International Journal of Applied Research
Vol. 3, Issue 11, Part A (2017)
A study to assess the effectiveness of structured teaching programme on knowledge regarding needle stick injury among health workers in selected health centers of Tirupati
R Usharani, M Sreelatha and Dr. P Sudharani
A Needle stick injury, percutaneous injury, or percutaneous exposure incident is the penetration of skin by needle. A pre-experimental one group pre-test and post –test design was adopted.50 health workers were selected by using convenient sampling technique on the basis of inclusive criteria to assess the knowledge regarding needle stick injury among health workers by using interview schedule. The study findings revealed that among 50 health workers 15(30%) had inadequate knowledge, 25(50%) had moderate knowledge and 10(20%) had adequate knowledge in pre-test. After the administration of structured teaching programme the findings of the post-test revealed that 10(20%) had inadequate knowledge 23(46%) had moderate knowledge and 17(34%) had adequate knowledge on health workers regarding needle stick injury. In pre test mean value was 1.90, post test mean value was 2.14 and the standard deviation value was 0.707 in pre test, 0.726 in post test and the t –value was 48.153 and the p value was <0.01 and hence the assumed H1 was accepted. It evidenced that the STP is significantly effective on improving knowledge regarding needle stick injury among health workers. The researcher revealed that there was a significant association between the pretest knowledge and demographic variables such as age in years was significant at p<0.05 level and educational sessions attended regarding needle stick injury, were significant at p<0.01 level. The assumed H2 was accepted.
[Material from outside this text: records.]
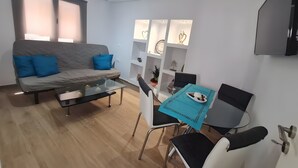 A modern living room with a grey sofa, blue cushions, a glass coffee table, a dining table with chairs, and a TV mounted on the wall. - Maria's Heaven House - Old Town Apartment with Private Terrace, Wi-Fi & Air Conditioning (Rodos)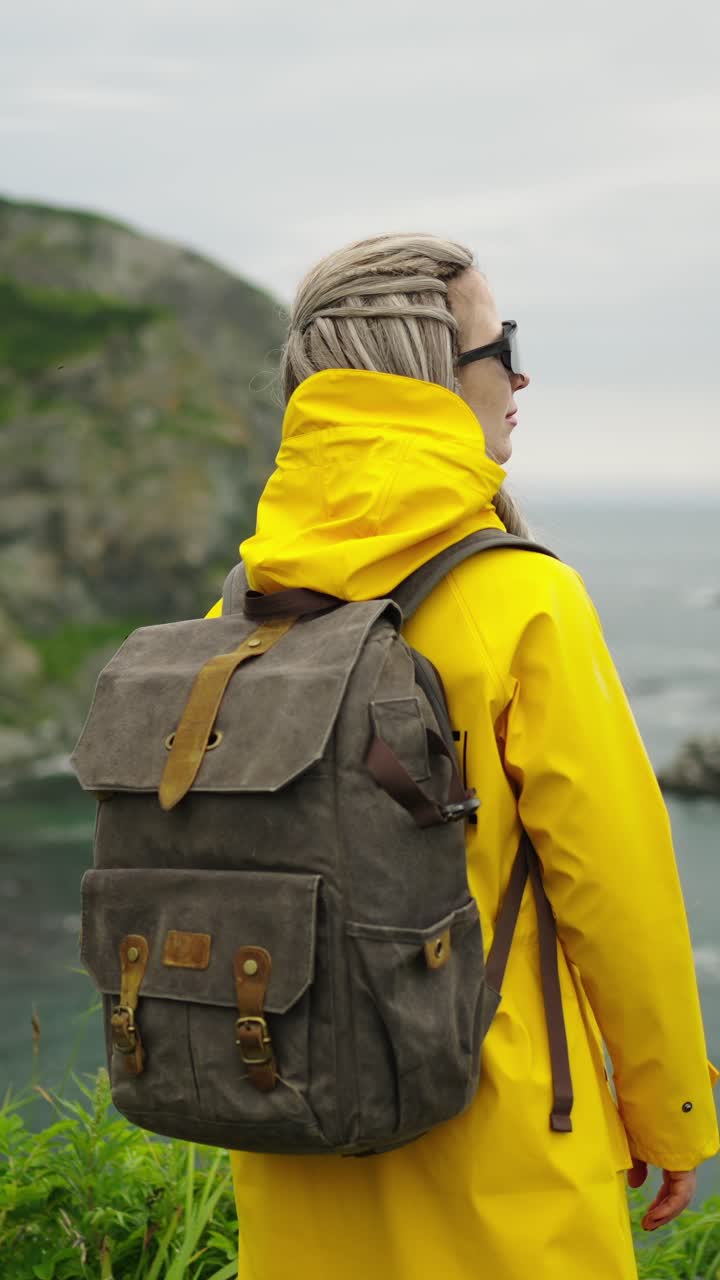 Woman in Yellow Raincoat with Backpack Looking at Ocean View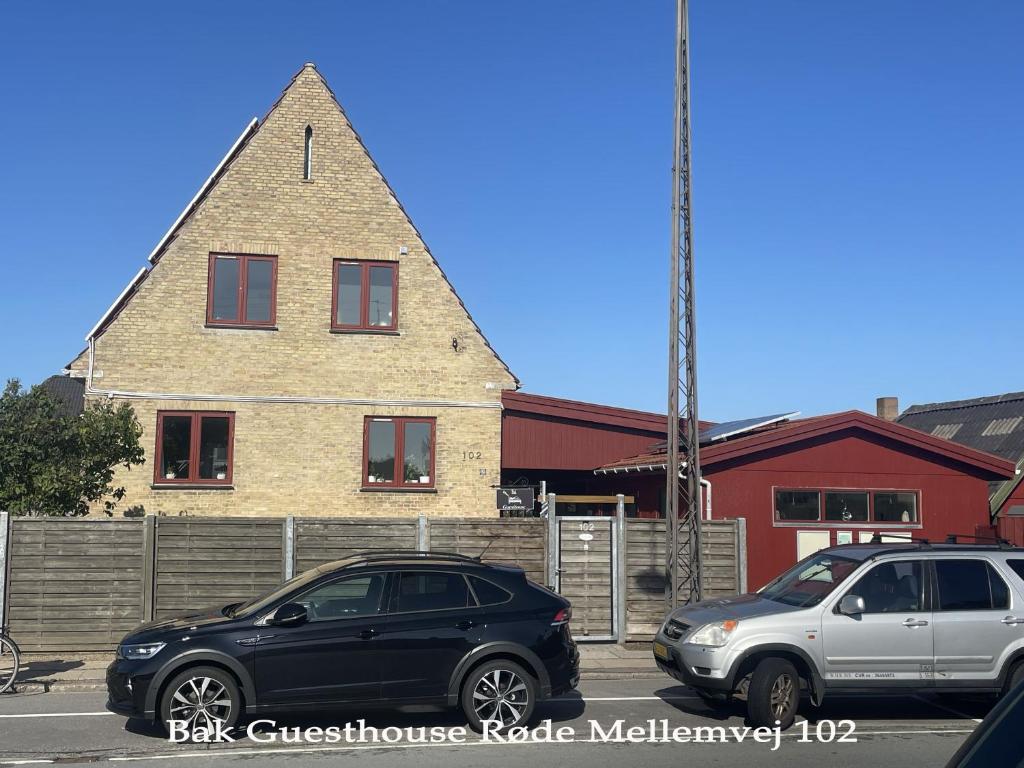 dos autos estacionados en un estacionamiento frente a una casa en Bak Guesthouse en Copenhague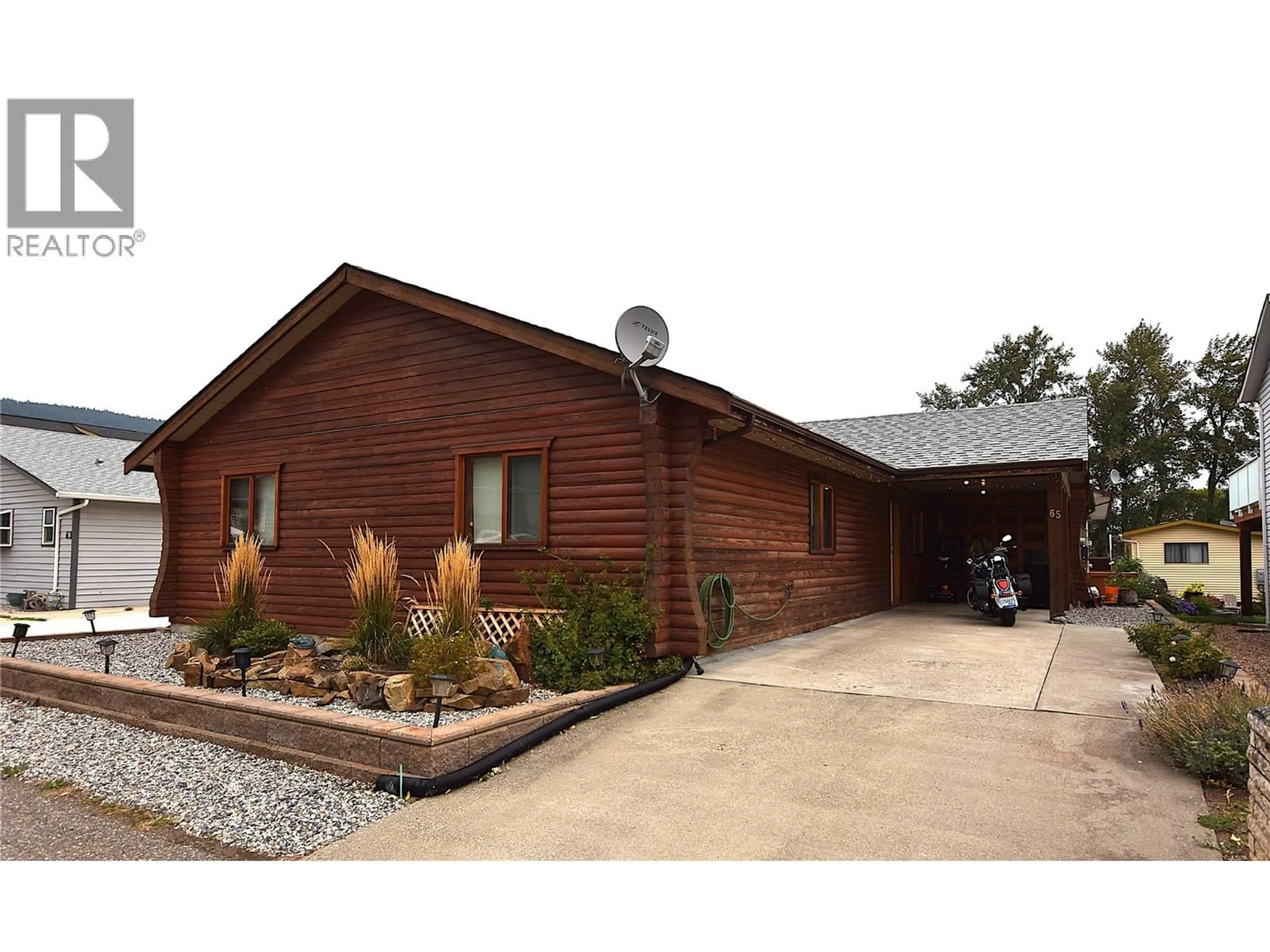 Home with brick exterior material, building for 65 ELK STREET, Vernon British Columbia V1H2A1
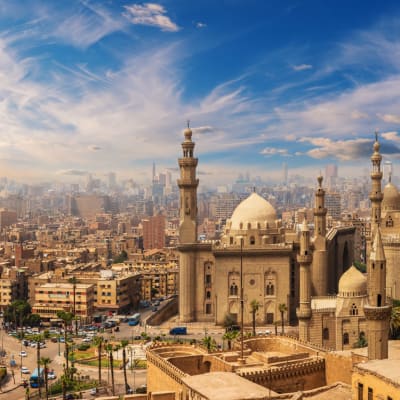 Panoramablick auf Kairo mit Sultan Hassan Moschee und Stadtbild unter einem teilweise bewölkten Himmel.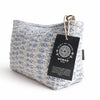 A light blue and white indigo echo toiletry bag made of textured indian jacquard with a gold-tone zipper pull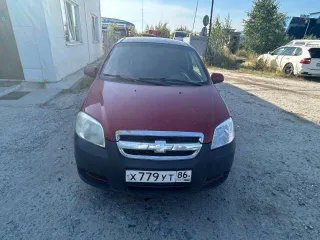 Chevrolet Aveo 2011 года, седан, 101 л.с., пробег 167439 км. Госномер Х779УТ86, цвет красный, VIN XUUSF69W9B0007660, ПТС 86 РТ 916922, СТС 99 76 822033. Требуется замена стоек.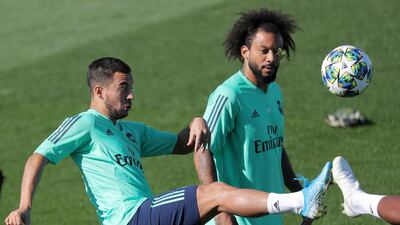 Real Madrid's Eden Hazard and Marcelo during training. Reuters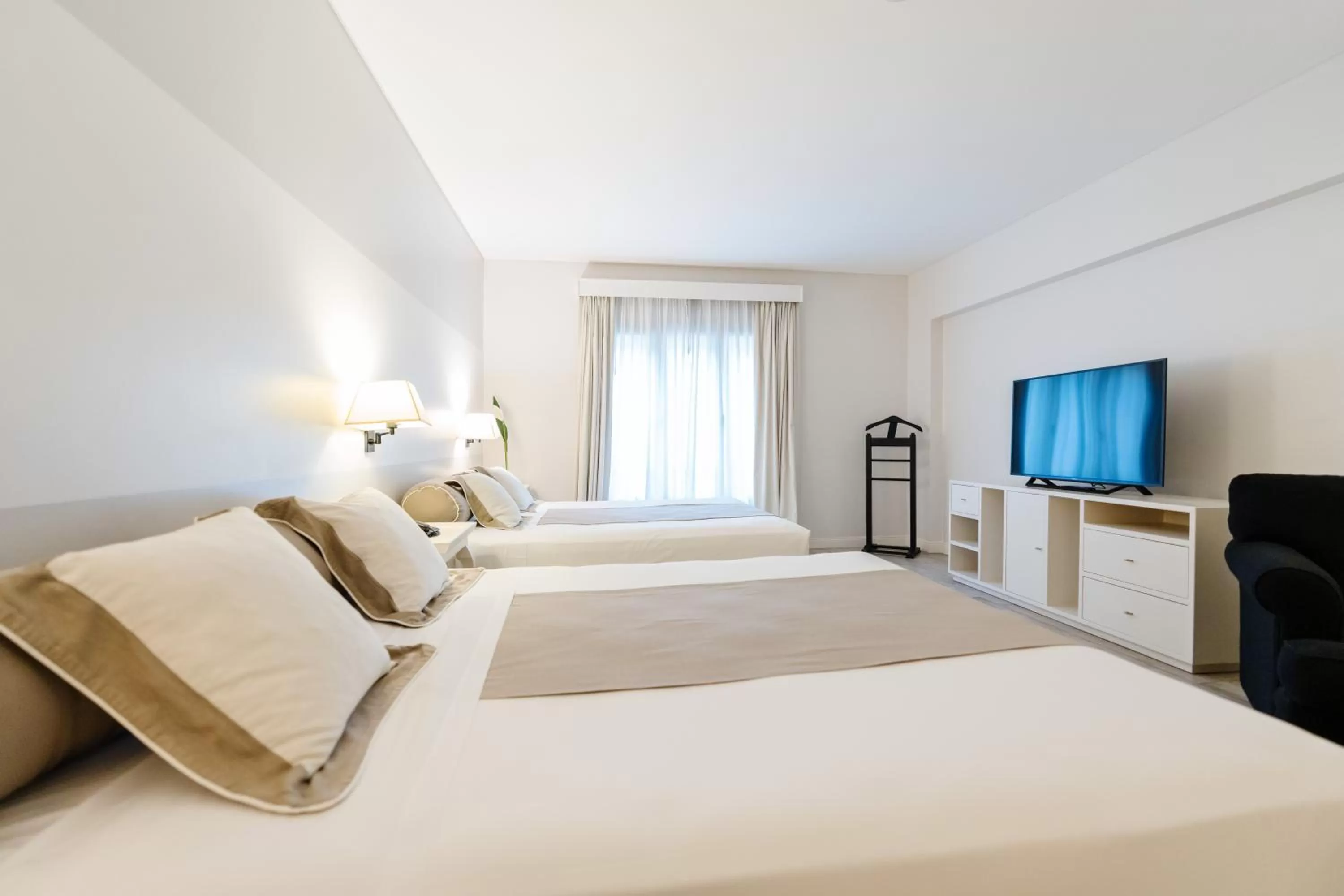 Bed in Loi Suites Recoleta Hotel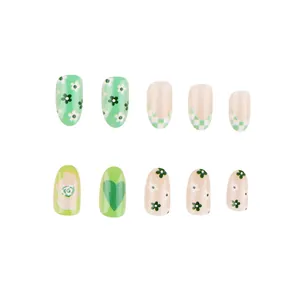 Macro detail of 10-piece green floral and checkerboard press-on nails with heart patterns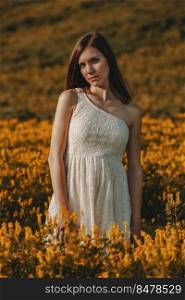 Young beautiful woman in nature with a pensative expression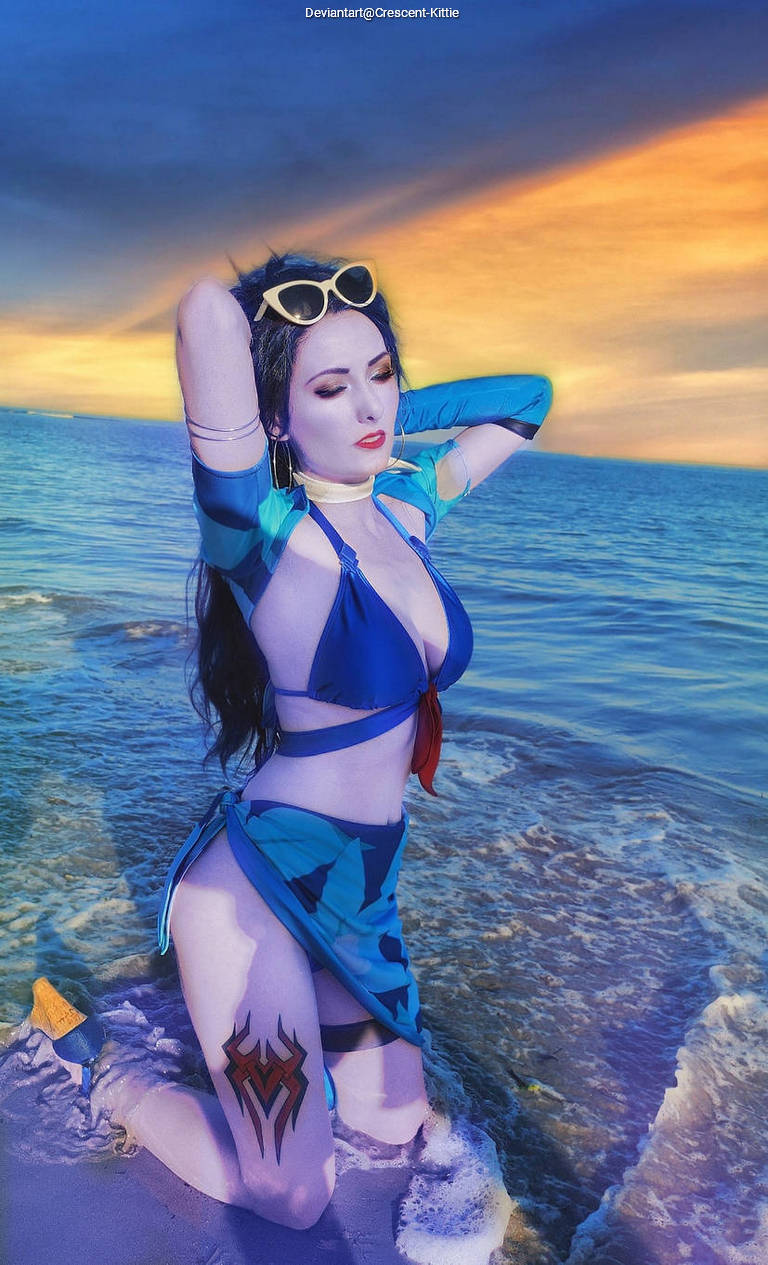 A woman in a blue bikini and matching cover-up kneels at the edge of the ocean, with waves lapping at her legs. She has long black hair, sunglasses, and a tattoo visible on her thigh. The background features a colorful sunset sky.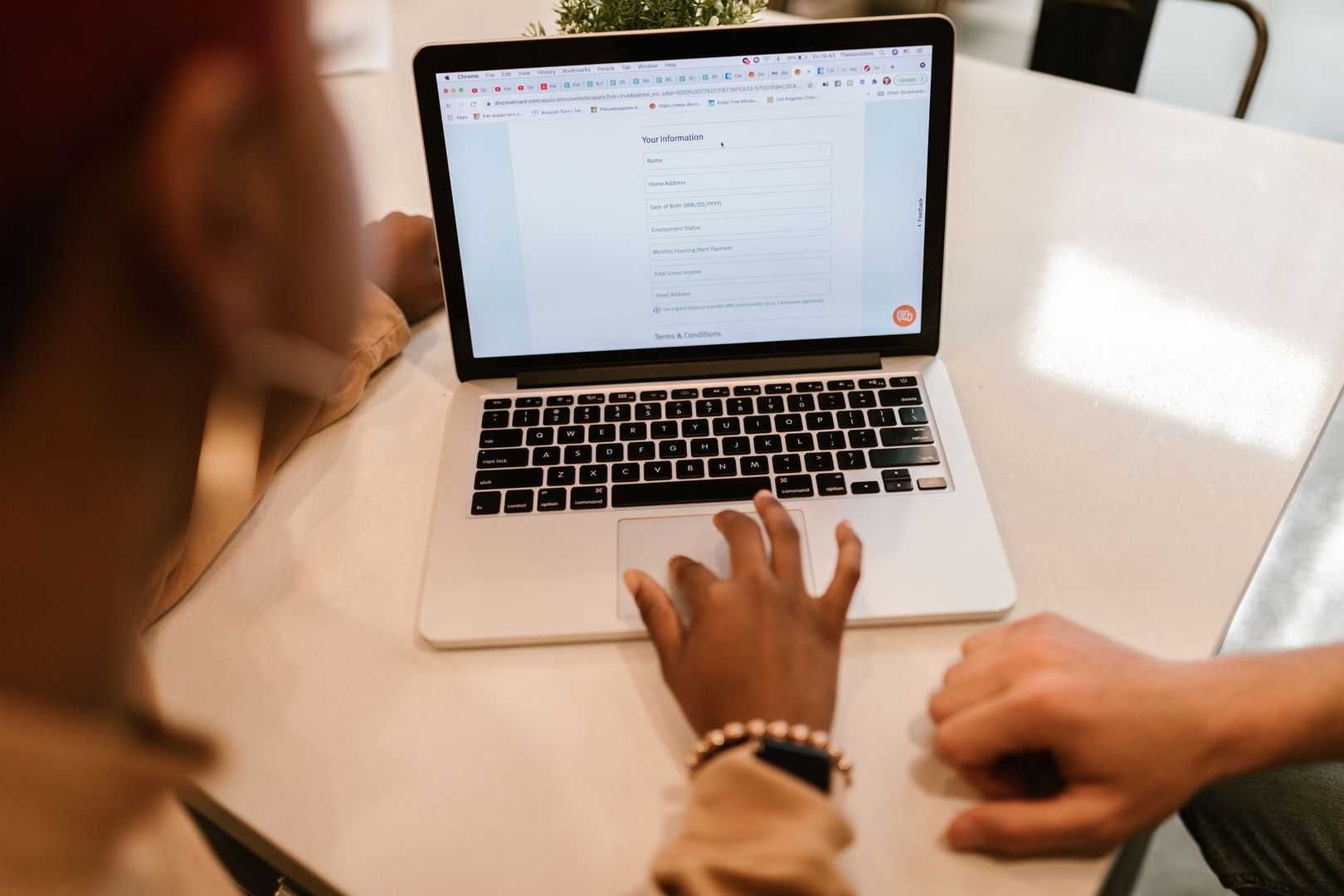 Person fyller i ett digitalt formulär på en bärbar dator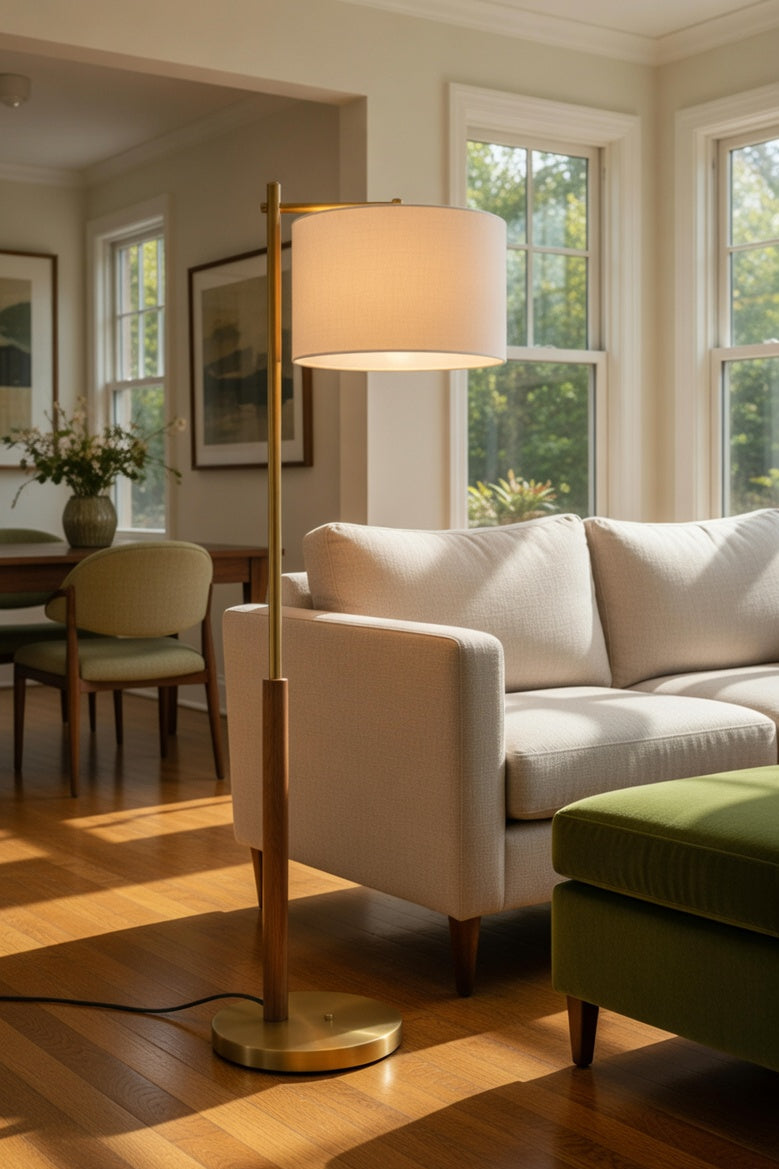 Living room with a white sofa, green ottoman, and standing lamp.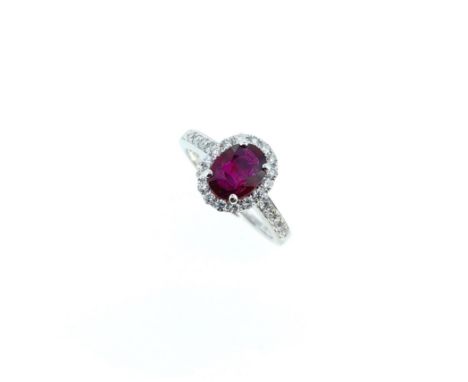 An 18ct gold Burmese ruby and diamond halo style cluster ring, claw set central oval faceted ruby, 7.96 x 5.93mm, surrounded 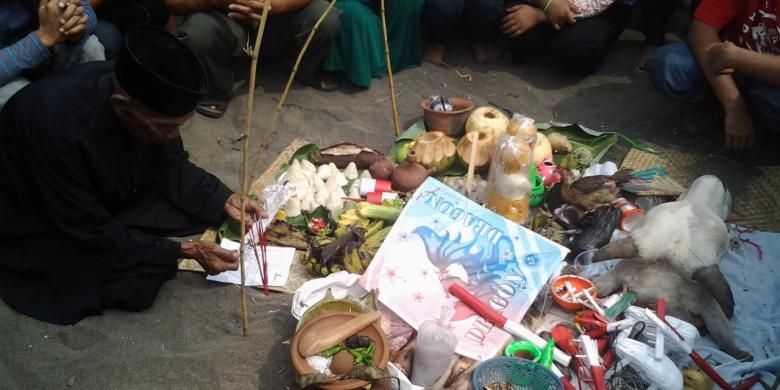 Seorang tokoh masyarakat mendoakan kepala kerbau dan berbagai jenis makanan yang akan dilarung ke laut dalam upacara sedekah laut untuk mengucapkan syukur kepada Tuhan atas rezeki yang melimpah.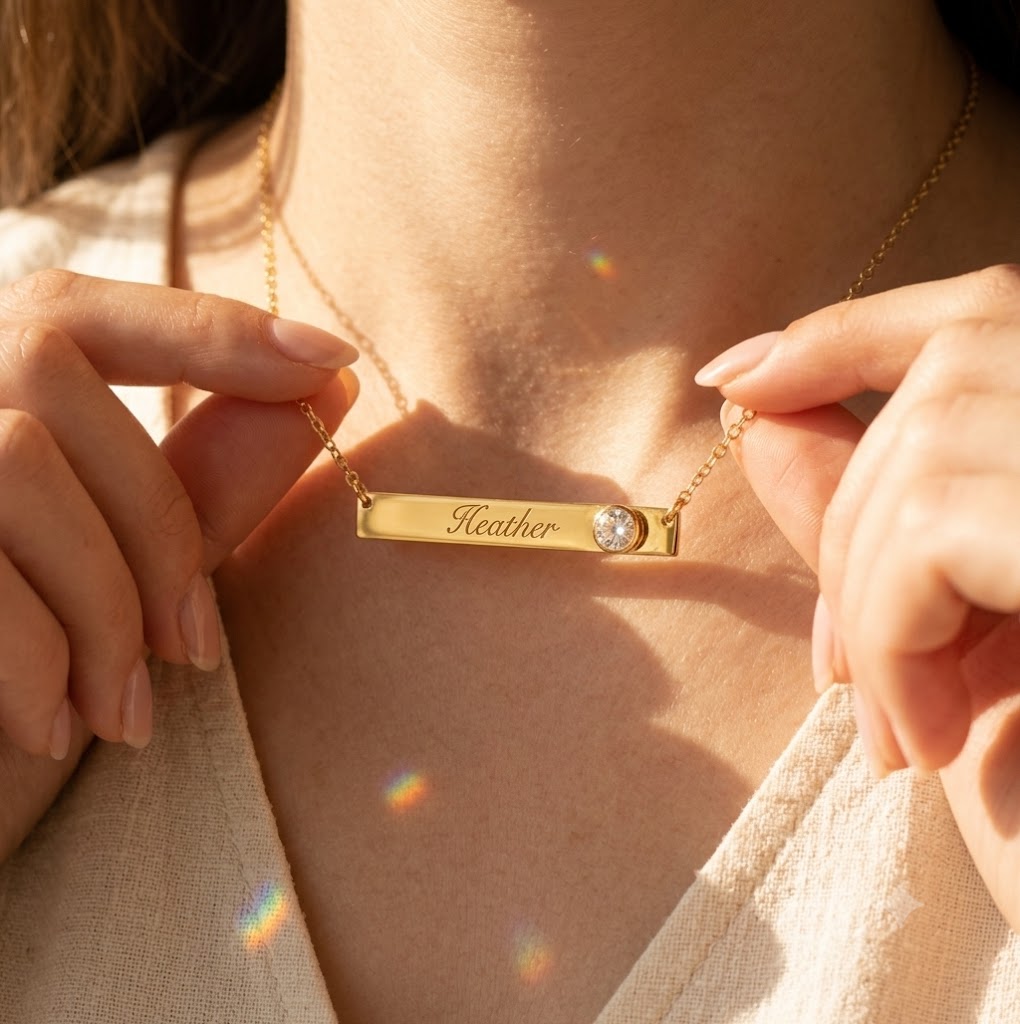 Personalized clear quartz bar necklace with engraved name Heather shown on model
The association of post test knowledge score of subjects with demographic variables such as age in years, religion, experience, exposure to number of injections per days, did you had needle stick injury were significant at p<0.05 level, hence the research hypothesis H2 was accepted. The present study concluded that health workers have moderate knowledge regarding needle stick injury before STP and after STP knowledge about needle stick injury among health workers was improved.